I just kinda decided, “I’m gonna ask for the job.” It’s not like if they said no, it would kill me. And they said yes. So I ended up learning the part and became the fourth understudy. Then in one day, I went from fourth understudy to the only person that could do the job. In one day everyone went out with injuries, and long-term injuries (broken hand, broken back). So I ended up as the dog.
JB: Was this a particularly dangerous career?
BH: As the dog, I ruptured a bicep because I was always running on my arms … Another time I got nailed right in the side of the head by a skater … She gave me a concussion and I was out for two weeks.
JB: How did you move on the ice if you didn’t skate?

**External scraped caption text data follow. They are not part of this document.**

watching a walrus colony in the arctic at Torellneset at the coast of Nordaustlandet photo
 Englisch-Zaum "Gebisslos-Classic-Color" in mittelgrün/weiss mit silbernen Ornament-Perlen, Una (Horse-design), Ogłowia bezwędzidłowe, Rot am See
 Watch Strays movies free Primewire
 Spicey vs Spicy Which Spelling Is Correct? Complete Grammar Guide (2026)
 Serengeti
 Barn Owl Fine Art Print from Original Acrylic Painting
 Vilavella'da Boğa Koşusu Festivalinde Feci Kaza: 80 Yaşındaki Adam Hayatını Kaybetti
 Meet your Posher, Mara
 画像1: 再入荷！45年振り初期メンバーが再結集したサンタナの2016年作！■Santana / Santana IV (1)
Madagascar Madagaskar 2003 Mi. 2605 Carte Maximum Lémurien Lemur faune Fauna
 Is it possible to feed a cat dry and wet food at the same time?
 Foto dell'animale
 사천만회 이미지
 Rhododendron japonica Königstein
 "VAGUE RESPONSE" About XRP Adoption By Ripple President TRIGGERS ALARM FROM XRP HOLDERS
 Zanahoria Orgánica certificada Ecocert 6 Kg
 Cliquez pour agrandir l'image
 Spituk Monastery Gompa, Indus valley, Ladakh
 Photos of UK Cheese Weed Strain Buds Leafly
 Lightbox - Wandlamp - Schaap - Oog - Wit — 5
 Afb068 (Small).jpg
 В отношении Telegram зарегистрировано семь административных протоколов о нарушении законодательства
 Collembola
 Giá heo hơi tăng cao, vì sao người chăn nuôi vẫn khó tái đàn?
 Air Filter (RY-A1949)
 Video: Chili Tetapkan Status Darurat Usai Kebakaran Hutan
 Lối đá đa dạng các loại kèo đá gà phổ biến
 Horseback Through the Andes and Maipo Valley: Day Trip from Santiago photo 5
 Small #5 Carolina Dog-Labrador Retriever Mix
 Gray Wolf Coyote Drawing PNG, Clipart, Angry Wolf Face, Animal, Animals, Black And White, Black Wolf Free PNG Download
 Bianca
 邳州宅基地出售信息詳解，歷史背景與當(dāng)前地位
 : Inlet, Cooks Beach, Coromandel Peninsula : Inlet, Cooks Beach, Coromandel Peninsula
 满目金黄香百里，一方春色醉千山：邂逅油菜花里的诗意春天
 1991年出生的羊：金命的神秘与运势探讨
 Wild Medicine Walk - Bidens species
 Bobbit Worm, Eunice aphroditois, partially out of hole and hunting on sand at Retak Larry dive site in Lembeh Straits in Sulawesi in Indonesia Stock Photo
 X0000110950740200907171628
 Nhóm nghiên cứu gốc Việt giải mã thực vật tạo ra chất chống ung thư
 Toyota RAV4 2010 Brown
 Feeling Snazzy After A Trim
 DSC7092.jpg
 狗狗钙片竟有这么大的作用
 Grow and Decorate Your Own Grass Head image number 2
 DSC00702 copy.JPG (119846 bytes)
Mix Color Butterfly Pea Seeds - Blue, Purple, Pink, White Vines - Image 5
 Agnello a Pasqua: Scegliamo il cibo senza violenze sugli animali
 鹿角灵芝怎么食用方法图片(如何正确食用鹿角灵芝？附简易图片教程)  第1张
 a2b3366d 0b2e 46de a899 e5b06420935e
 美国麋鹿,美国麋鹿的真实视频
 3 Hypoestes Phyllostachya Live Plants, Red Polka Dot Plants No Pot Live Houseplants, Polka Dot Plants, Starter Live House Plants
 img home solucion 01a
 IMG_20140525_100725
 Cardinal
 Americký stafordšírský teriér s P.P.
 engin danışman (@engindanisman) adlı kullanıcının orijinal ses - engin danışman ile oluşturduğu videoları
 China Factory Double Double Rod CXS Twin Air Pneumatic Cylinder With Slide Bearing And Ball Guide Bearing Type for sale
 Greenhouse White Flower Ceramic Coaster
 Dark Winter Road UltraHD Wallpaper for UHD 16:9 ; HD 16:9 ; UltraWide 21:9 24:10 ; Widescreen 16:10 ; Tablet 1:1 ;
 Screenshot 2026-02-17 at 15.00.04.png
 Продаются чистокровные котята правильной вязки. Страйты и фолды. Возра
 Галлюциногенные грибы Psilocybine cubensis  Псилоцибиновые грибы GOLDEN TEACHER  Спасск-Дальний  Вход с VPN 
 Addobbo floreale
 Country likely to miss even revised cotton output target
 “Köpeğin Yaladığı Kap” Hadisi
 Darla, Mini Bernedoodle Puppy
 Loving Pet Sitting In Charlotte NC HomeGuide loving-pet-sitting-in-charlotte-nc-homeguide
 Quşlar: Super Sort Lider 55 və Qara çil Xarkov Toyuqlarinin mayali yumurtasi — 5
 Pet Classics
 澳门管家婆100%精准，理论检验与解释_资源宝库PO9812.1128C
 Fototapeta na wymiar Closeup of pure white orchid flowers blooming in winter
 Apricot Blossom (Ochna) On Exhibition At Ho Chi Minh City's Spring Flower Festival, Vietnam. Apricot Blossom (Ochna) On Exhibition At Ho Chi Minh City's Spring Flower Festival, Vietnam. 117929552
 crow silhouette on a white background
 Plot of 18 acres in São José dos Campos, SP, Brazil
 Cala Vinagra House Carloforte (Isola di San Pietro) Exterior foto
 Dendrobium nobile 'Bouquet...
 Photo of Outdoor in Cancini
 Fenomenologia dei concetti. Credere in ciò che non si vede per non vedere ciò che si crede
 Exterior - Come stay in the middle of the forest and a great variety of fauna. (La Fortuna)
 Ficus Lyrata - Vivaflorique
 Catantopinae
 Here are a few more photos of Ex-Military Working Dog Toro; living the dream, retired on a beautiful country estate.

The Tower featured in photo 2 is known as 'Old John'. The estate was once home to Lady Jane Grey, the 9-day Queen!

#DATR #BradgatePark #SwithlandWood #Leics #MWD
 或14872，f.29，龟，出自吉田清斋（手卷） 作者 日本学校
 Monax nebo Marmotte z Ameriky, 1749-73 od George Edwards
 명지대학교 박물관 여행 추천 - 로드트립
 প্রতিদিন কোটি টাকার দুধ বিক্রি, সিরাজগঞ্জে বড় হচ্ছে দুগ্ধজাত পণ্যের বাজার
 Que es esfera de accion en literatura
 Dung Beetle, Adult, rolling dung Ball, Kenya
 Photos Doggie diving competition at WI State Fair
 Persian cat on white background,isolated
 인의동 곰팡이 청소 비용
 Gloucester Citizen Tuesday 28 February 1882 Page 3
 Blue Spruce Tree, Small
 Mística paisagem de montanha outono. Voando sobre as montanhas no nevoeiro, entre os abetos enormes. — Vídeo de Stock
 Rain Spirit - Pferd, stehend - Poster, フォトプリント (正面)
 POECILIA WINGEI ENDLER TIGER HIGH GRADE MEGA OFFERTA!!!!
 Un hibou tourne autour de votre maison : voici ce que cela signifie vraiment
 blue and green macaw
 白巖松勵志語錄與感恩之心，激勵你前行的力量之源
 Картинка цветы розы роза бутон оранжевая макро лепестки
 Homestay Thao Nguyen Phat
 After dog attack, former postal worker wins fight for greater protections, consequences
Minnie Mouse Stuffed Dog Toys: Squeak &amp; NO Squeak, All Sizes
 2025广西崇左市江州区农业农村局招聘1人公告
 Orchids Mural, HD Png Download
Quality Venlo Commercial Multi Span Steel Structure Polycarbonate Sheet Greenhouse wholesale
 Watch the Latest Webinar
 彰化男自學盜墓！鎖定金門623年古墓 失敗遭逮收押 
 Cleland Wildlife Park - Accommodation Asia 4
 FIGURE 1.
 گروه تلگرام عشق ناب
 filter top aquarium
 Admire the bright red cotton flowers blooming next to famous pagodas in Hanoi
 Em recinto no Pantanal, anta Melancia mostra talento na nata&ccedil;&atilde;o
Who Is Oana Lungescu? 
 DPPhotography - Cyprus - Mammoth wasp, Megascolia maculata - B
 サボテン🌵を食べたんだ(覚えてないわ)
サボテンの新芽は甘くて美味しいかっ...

BH: On my back legs I wore a pair of spiked golf shoes, on my front … [I would wear] a pole with a brace that wraps around the bicep and [I would] just slip the arm down in it and grip it like a bicycle handle. Except mine were only one foot long, so they essentially made my arms as long as my legs. And they were basically on big springs, like I was running on shock absorbers … So when I ran I was essentially running on four sets of big teeth, so I wouldn’t slip and slide on the ice.
JB: What was the best part of being Max?
BH: When you come running out onto the ice for the first time, and you have 15-thousand people who are yelling and screaming just for a few seconds because they think you’re awesome. I played the Portland Rose Garden and it was sold out, and just to hear 10-thousand people screaming for you is awesome.
JB: Was there a lot of travel?
BH: The job dropped me into 48 different states, 20 different countries. In the United States, every week you’re in a different city, and when we were overseas every month you’re in a different country. I won’t say all my bills were paid. I wasn’t making a ton of money, but I didn’t have a ton of expenses either.
JB: What made you decide to become a PhD student of journalism?
BH: I was always one of those people [before my accident] that was afraid of offending people, afraid of rejection. And there were always a lot of things that I wanted to do, and I was afraid of people telling me no. After recovering from my accident, and being Max the Dog, two things I never thought would be possible, I just kind of made up my mind that everything I’ve ever wanted to do, I’m going to go do it, or at the very least I’m going to ask.
But that whole experience, what it taught me is that life’s too short, and if you want something, then go after it.